Dari beberapa pengertian gender di atas dapat ditarik kesimpulan bahwa gender sebenarnya suatu konsep kultural yang menyangkut peran laki-laki dan perempuan secara sosial dalam masyarakat yang sewaktu-waktu dapat berubah. Jadi, gender bukan merupakan perbedaan laki-laki dan perempuan karena jenis kelamin yang mereka miliki.
Perbedaan gender sebenarnya tidaklah menjadi masalah sepanjang tidak melahirkan ketidakadilan gender. Namun yang menjadi persoalan, ternyata perbedaan gender telah melahirkan berbagai ketidakadilan baik bagi kaum laki-laki maupun (terutama) bagi kaum perempuan.

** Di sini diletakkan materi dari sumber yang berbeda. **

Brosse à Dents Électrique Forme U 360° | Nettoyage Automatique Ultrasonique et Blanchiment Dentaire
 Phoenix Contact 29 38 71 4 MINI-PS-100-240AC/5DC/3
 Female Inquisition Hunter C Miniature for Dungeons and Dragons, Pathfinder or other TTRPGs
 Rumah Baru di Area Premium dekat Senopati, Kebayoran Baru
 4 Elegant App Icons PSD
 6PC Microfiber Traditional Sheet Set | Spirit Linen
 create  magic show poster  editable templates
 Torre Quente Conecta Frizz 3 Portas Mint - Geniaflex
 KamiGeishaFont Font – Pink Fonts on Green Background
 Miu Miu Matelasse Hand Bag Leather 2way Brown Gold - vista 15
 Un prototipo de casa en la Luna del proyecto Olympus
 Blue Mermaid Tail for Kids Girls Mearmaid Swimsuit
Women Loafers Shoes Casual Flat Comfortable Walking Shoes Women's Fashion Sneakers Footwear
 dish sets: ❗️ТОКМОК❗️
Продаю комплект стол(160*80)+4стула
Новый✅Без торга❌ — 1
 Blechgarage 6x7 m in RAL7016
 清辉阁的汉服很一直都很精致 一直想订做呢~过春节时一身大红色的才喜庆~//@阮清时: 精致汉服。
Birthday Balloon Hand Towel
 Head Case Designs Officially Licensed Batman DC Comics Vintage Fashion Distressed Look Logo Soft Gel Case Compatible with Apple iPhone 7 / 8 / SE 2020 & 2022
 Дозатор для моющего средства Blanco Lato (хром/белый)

Gender bisa dinilai membatasi dan mendahului kehidupan individu, individu lahir ke dalamnya sebagaimana halnya individu lahir ke dalam keluarga dan gender bekerja pada suatu tingkatan di luar tujuan individu. Jadi dapat ditarik kesimpulan bahwa secara beragam tuntutan yang beragam dan menghendaki perempuan berangkat dari realita pertama bahwa “secara garis besar jumlah perempuan lebih besar dari jumlah laki-laki, kedua relasi laki-laki dan perempuan cenderung biasa karena menjadi perempuan sebagai makhluk kedua baik secara ekonomi, sosial, maupun teologis, kerja domestik perempuan belum mendapat penghargaan yang layak, termasuk dari suami” (Mujtaba, 2001: 3).
Masyarakat menentukkan norma-norma yang berbeda untuk perempuan dan laki-laki, anak-anak maupun dewasa, yang menentukkan hampir setiap aspek kehidupan mereka, dan masa depan mereka. Adapun aspek-aspek yang membedakan antara perempuan dan laki-laki antara lain, pakaian, peran, sifat dan tanggung jawab. Dari uraian di atas dapat diketahui bahwa bias gender muncul karena adanya konstruksi peran gender dalam masyarakat secara sosial dan budaya.